Hallowed
Propers: All Saints’ Sunday (Hallowmas), AD 2024 B
Homily:
Lord, we pray for the preacher, for You know his sins are great.
Grace mercy and peace to you from God our Father and from our Lord and Savior Jesus Christ. Amen.
“The only real sadness, the only real failure, the only great tragedy in life, is not to become a saint.” So wrote Léon Bloy in his 1897 novel La Femme Pauvre.
Every once in a while we get a troll on the parish Facebook page. I honestly can’t tell whether or not she’s a bot, but she definitely doesn’t like it whenever we talk of mercy. Just the other day she posted that Jesus may forgive, but He doesn’t tell us that we have to, and to say otherwise is to mislead people.
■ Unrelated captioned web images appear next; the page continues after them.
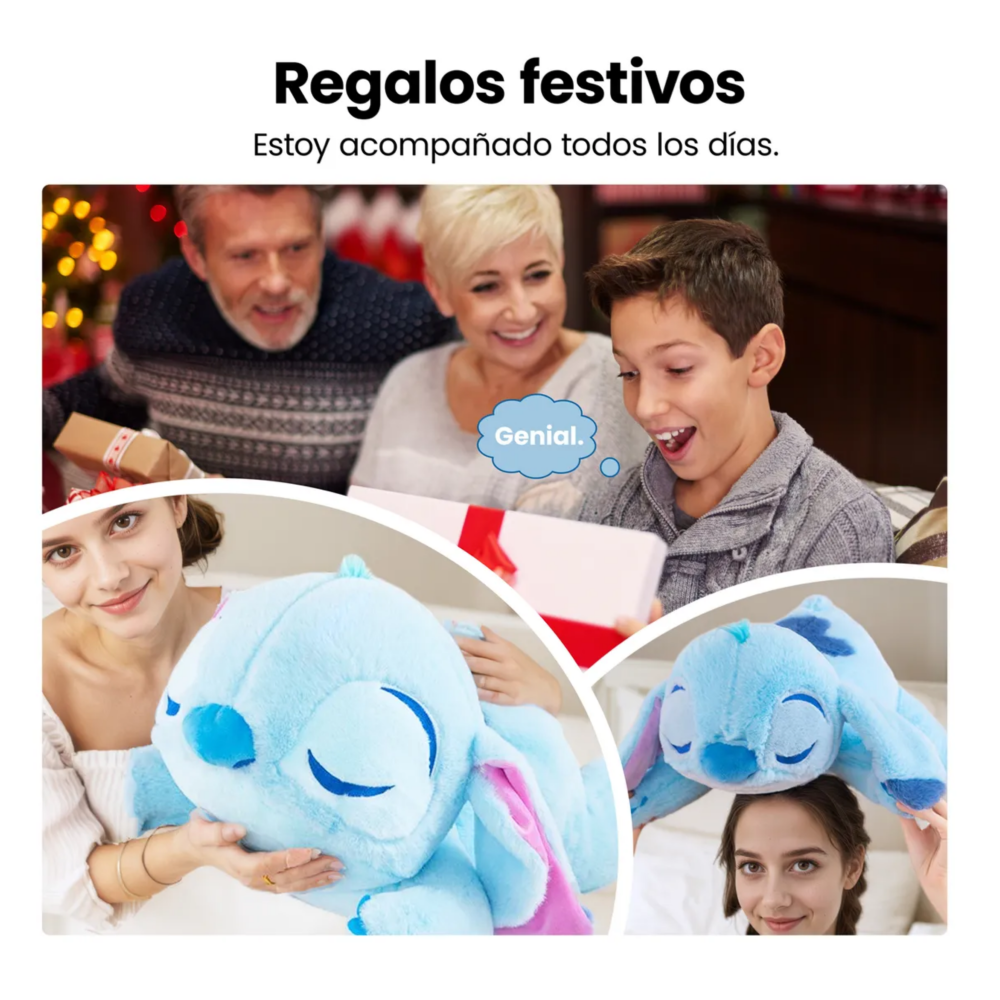 Foto 4 pulgar | Stitch Peluche Almohada 40cm Belug, Azul Cielo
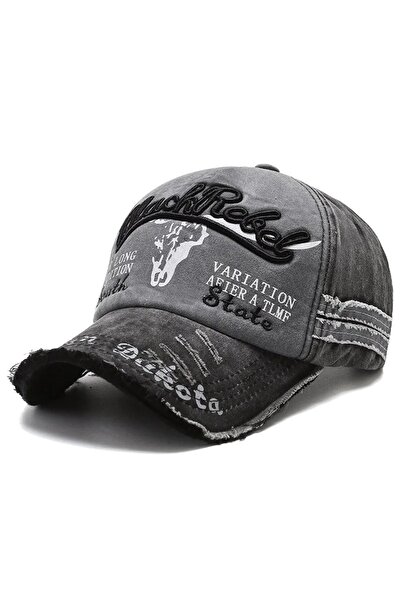 Choice1 56cm-60cm Black Unisex Washed Cotton Vintage Cap Letter Embroidery Ba...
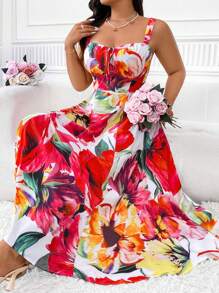 Elenzga Plus Size Women's Simple Daily Random Printed Dress Maxi Women Outfit - Multicolor - View 1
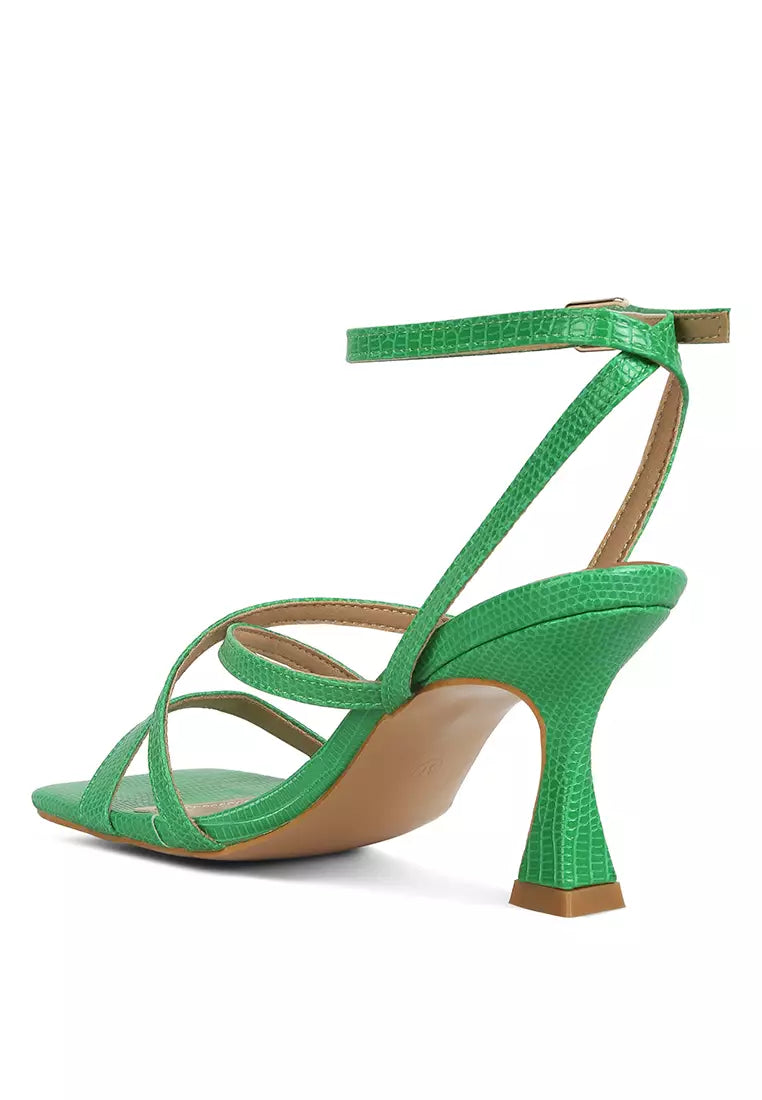 Green Open Square Toe Spool Heel Sandals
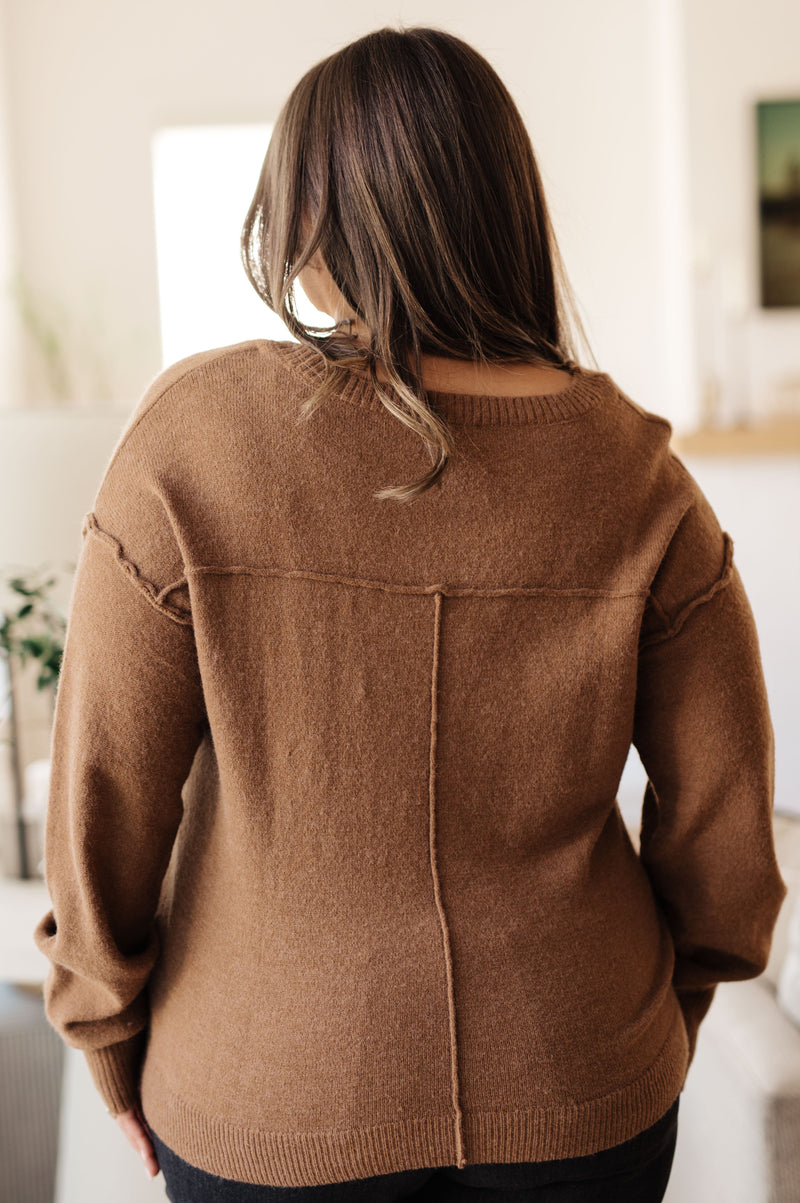 Back to Life V-Neck Sweater in Mocha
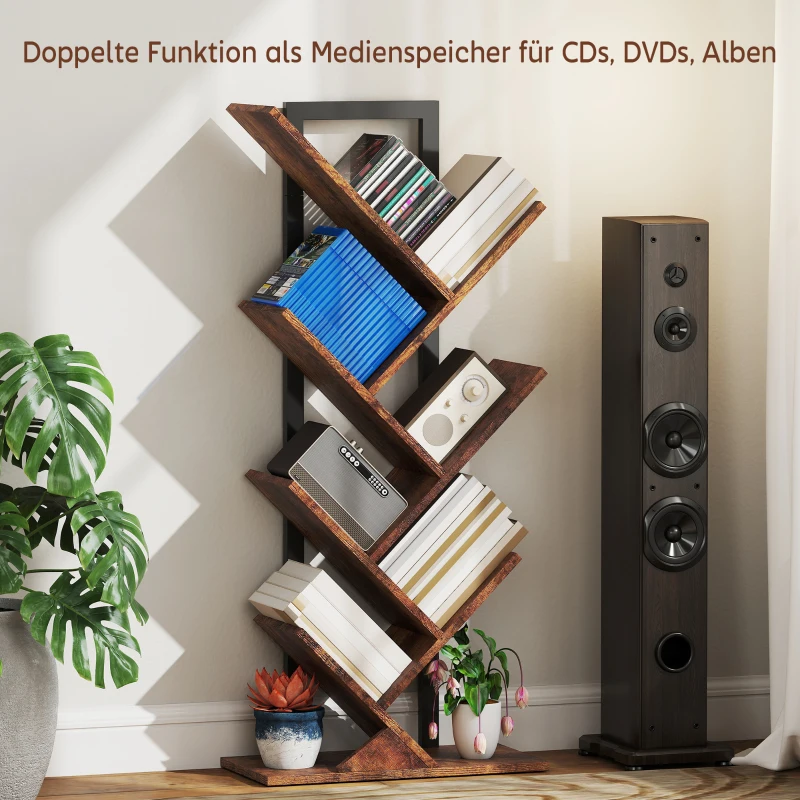 HOMCOM 7-Tier Tree Bookshelf, Industrial Free Standing Bookcase with Steel Frame, Display Storage Unit for Living Room Bedroom Home Office Study, Rustic Brown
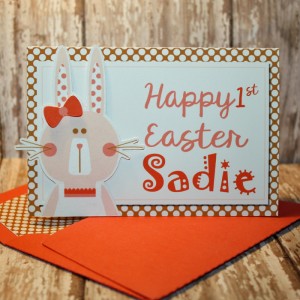Happy Easter Girl card with matching envie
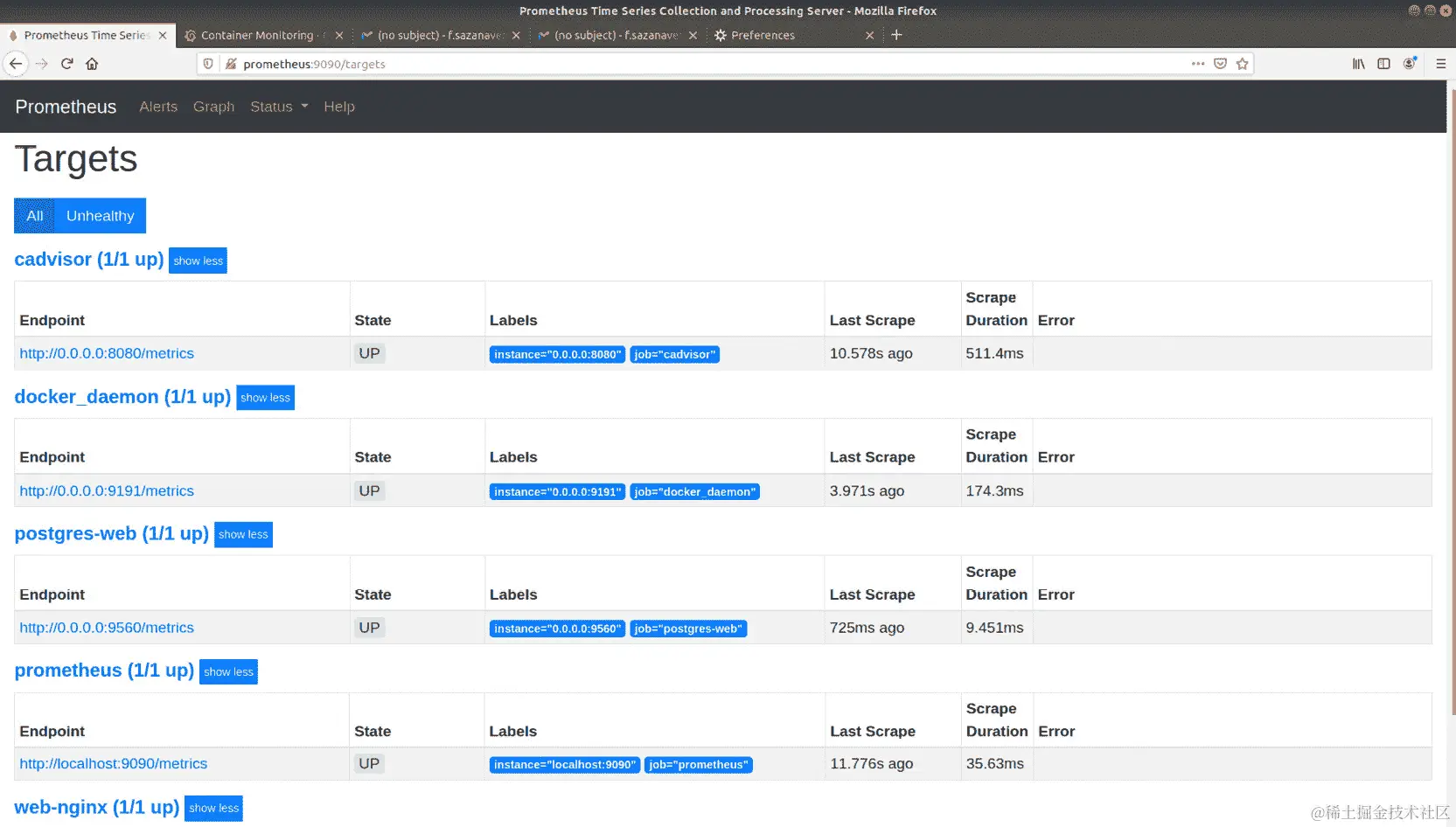 图 13.25：在 Prometheus 上显示的新 postgres-web 目标页面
So bot or not, our troll isn’t terribly well-versed. But the first thing that I thought when I read her latest post was, “Good Lord. This world of ours desperately needs more saints.”
I realize that that’s a loaded term, “saint.” It might bring to mind a Goody Two-Shoes, or perhaps someone who’s holier-than-thou. These days the capital-S Saints undergo a vetting process, with investigators analyzing posthumous miracles. But that’s a fairly recent development. It used to be that saints were simply recognized as such by general acclaim. Vox populi, vox Dei. Nicholas and Patrick, for example, two of my favorites, never bothered with canonization. They were too busy working wonders.
Moreover, with our medieval baggage, and in the wake of the Protestant Reformation, we have a tendency to dismiss the saints as “getting in the way.” Why do we need to place other people between ourselves and Jesus? Even Mary, to whom Luther was deeply devoted, barely gets a mention in our denomination. More’s the pity. Where would we be without the Theotokos, the Mother of our God upon this earth? Yet when I start to say such things, people tell me I’m “too Catholic.”
So let’s clear up some misconceptions. A saint is not a sinless person. A saint is not a gatekeeper getting in God’s way. A saint isn’t someone who must earn their place in Heaven. “Saint” comes from sanctus, meaning “holy.” And holy means “set apart.” A saint is someone set apart by God. But set apart for what? Well, for the Christian, the answer’s pretty clear. We are set apart, by Baptism, to become the Body of Christ. Each of us is a member—an eye, a heart, a hand—knit together, in the unity of the Holy Spirit, with Christ as our head, in order to continue Jesus’ mission in this world.
That’s what the Church is. We are all of us Jesus together. Within the womb of the Blessed Virgin Mary, God became a human in the person of the Christ. We call this the Incarnation, the “enfleshment,” and it remains the scandal at the heart of Christian faith. Jesus is a Man, yes; that Man is also God, fully, truly, unconfusedly. That’s why Christmas is such a big deal: the arrival of Immanuel, of God-With-Us. That’s why Easter is such a big deal: not just in that He rose from the dead, but that God has conquered death.
Then He returns, far beyond the heavens, to reassert His divinity in the fullness of His humanity. In other words, He opens to us Heaven, opens to us the beatific vision of the presence of our God, utterly devoid of separation. Creator and Creation are now one in Jesus Christ. But what comes next is the greatest gift of all. Jesus sends His Holy Spirit, the life and breath of God, to dwell within us, dwell among us, making our bodies His temples, binding us all in His grace. Such is Christian mysticism. As we are one in Jesus, so we are one with God.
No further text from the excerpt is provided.